• _Exercise description_:
Would you please copy the part of the material below that opens with the line containing "Cover Til Samsung" and closes with the line containing "Paperback Cowboy Heat: Western"? Copy it exactly, and only it.

(Beginning of Provided entries)

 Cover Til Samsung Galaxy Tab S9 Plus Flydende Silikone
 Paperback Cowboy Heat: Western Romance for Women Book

(End of Provided entries)
(Beginning of Provided entries)

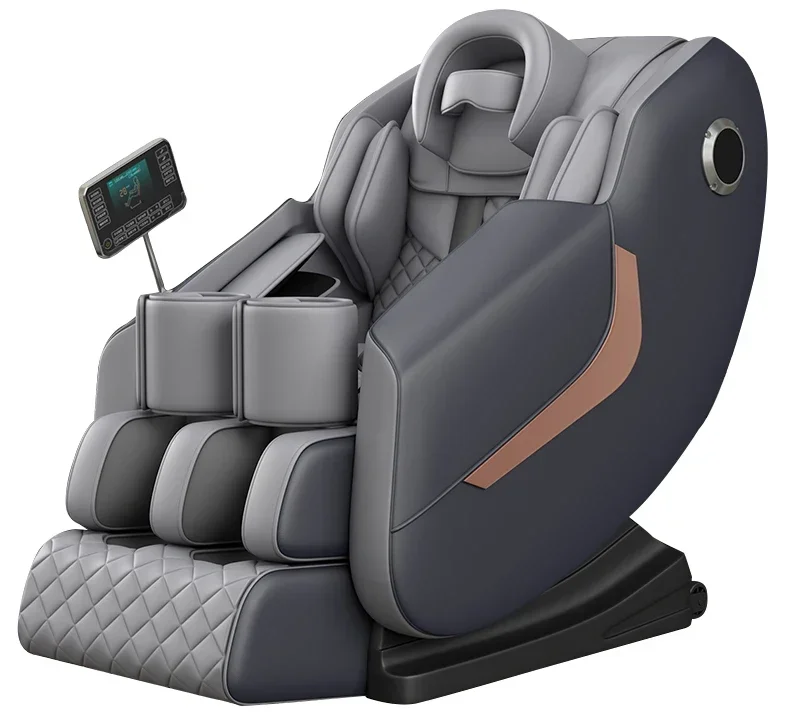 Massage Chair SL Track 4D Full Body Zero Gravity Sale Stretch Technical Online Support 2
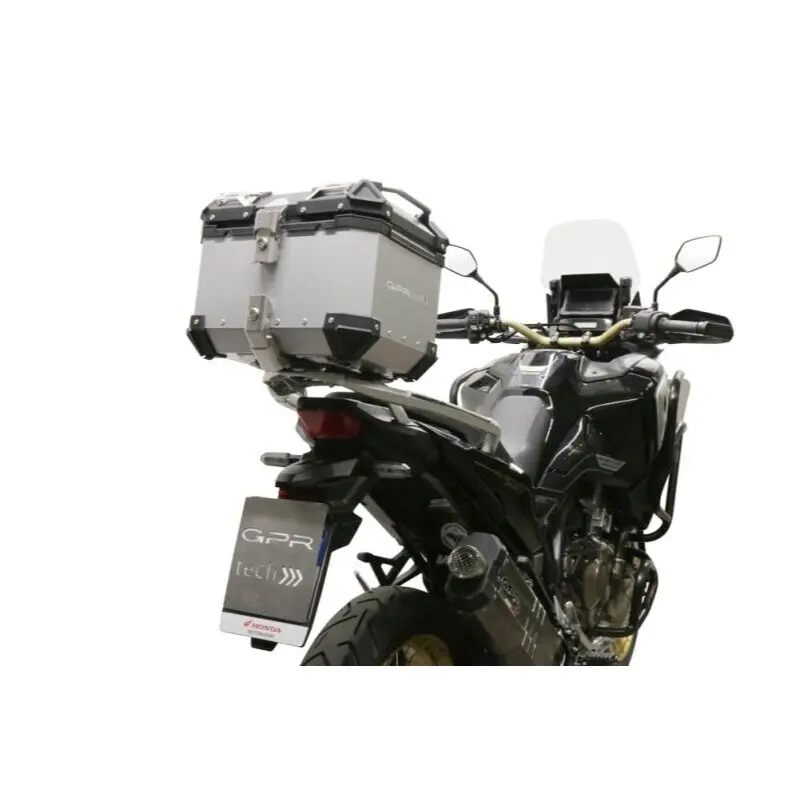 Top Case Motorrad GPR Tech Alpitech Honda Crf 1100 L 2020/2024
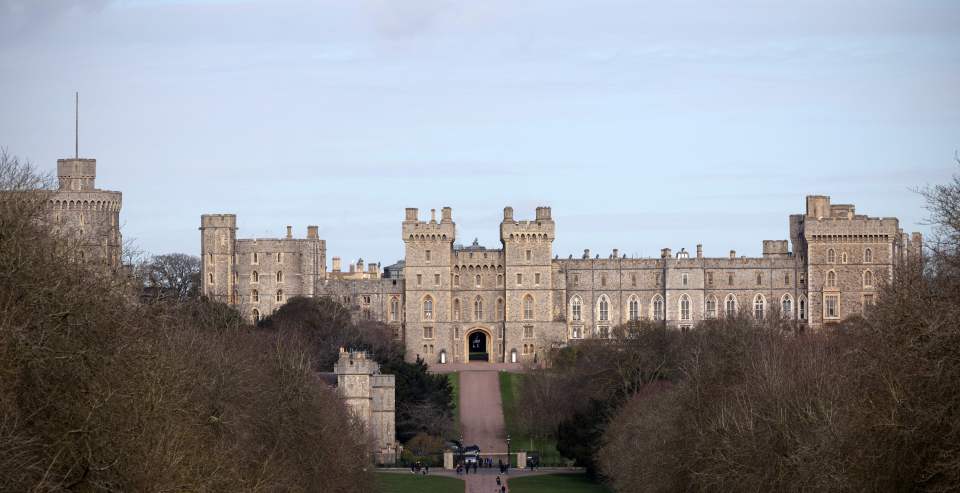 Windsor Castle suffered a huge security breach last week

(End of Provided entries)

• _Output below_:
 Cover Til Samsung Galaxy Tab S9 Plus Flydende Silikone
 Paperback Cowboy Heat: Western Romance for Women Book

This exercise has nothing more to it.